A throwing action doesn't help me at all because I throw with my left hand, but I swing right-handed!  Those skimming stones analogies etc. just don't work for me as I see my swing as a 'backhand' I suppose.


----------



## Oddsocks (Feb 8, 2014)

When I referred to compact, I should have been specific in terms of shorter back swing.  I've been advised let the swing stop when the muscles feel stretched, do not over rotate in order to get to parallel at the top, the back swing will finish where it finishes within reason,


----------



## One Planer (Feb 8, 2014)

Oddsocks said:



			When I referred to compact, I should have been specific in terms of shorter back swing.  I've been advised let the swing stop when the muscles feel stretched, do not over rotate in order to get to parallel at the top, the back swing will finish where it finishes within reason,
		
Click to expand...

Ah I see :thup:

I only swing to about 10.30 myself.


----------



## the_coach (Feb 8, 2014)

With a view to just how important the ground is in a golf swing, here's a snippet of footage by the golf teacher that I went to when I was about 16, Gregg McHatton. (he also taught a 12 or 13 year old Sean Foley not sure exactly how old he was when I used to see him turn up for his lessons) He's talking about the ground and hips albeit in not a usual way.

http://www.youtube.com/watch?v=STpivHaEGhM

In this other vid, Gregg discusses again, ground, plus feet, leg and body core involvement in the golf swing. 
For those looking at understanding better the 'transition move' into the downswing pay particular attention to the slowmo swing of Gregg.

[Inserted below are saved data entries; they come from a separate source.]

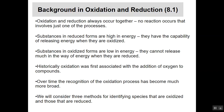Oxidation was originally first associated with the addition of oxygen to compounds, but it's been much more broadly expanded now to look at the transfer of electrons. We're going to look at three methods for identifying oxidation-reduction processes to get an idea of how this works.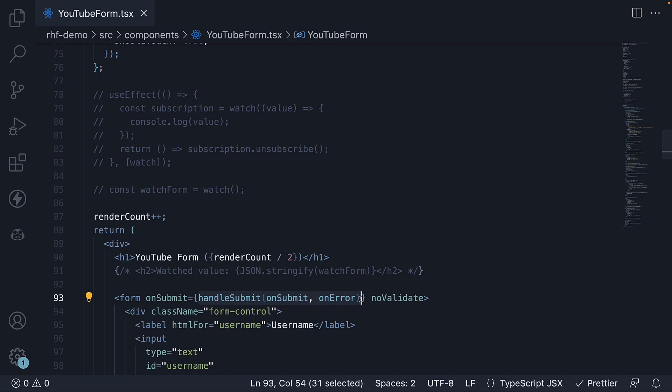Alright, now that we know how to handle form submission errors, in the next video, let's see how to disable the submit button when appropriate.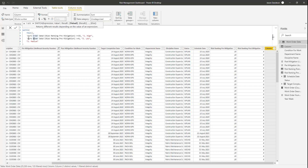The next condition is if the work order risk ranking is less than or equal to four, it's going to be '3. Low'. And finally, if it's none of these, we return the default value which is '2. Medium' — because if it's not high and it's not low, the only other value it can be is medium. That's the simple logic we're using to return that result.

Notice how his weight in his left foot at the start of transition is really working hard downwards into the ground and then how that gets his left hip in position to turn and clear, also you'll see how the joints in the left leg (ankle, knee, hip socket) are brought perfectly into line so if you look at the outside line of Gregg's left leg you'll see it's virtually in a perfectly vertical straight line.

http://www.youtube.com/watch?v=EqMr8_1nS4A


----------



## Jimbooo (Feb 9, 2014)

When the weight moves to the lead foot at start of the downswing, should it be on the ball of the foot, or the heel?


----------



## Jimbooo (Feb 9, 2014)

the_coach said:



			In this other vid, Gregg discusses again, ground, plus feet, leg and body core involvement in the golf swing. 
For those looking at understanding better the 'transition move' into the downswing pay particular attention to the slowmo swing of Gregg. Notice how his weight in his left foot at the start of transition is really working hard downwards into the ground and then how that gets his left hip in position to turn and clear, also you'll see how the joints in the left leg (ankle, knee, hip socket) are brought perfectly into line so if you look at the outside line of Gregg's left leg you'll see it's virtually in a perfectly vertical straight line.

http://www.youtube.com/watch?v=EqMr8_1nS4A

Click to expand...

That's a truly beautiful swing.


----------



## Oddsocks (Feb 9, 2014)

Does anyone else not find it strange that you could/have embarked on years of lessons, and no other pro' shave ever got you thinking from the ground up.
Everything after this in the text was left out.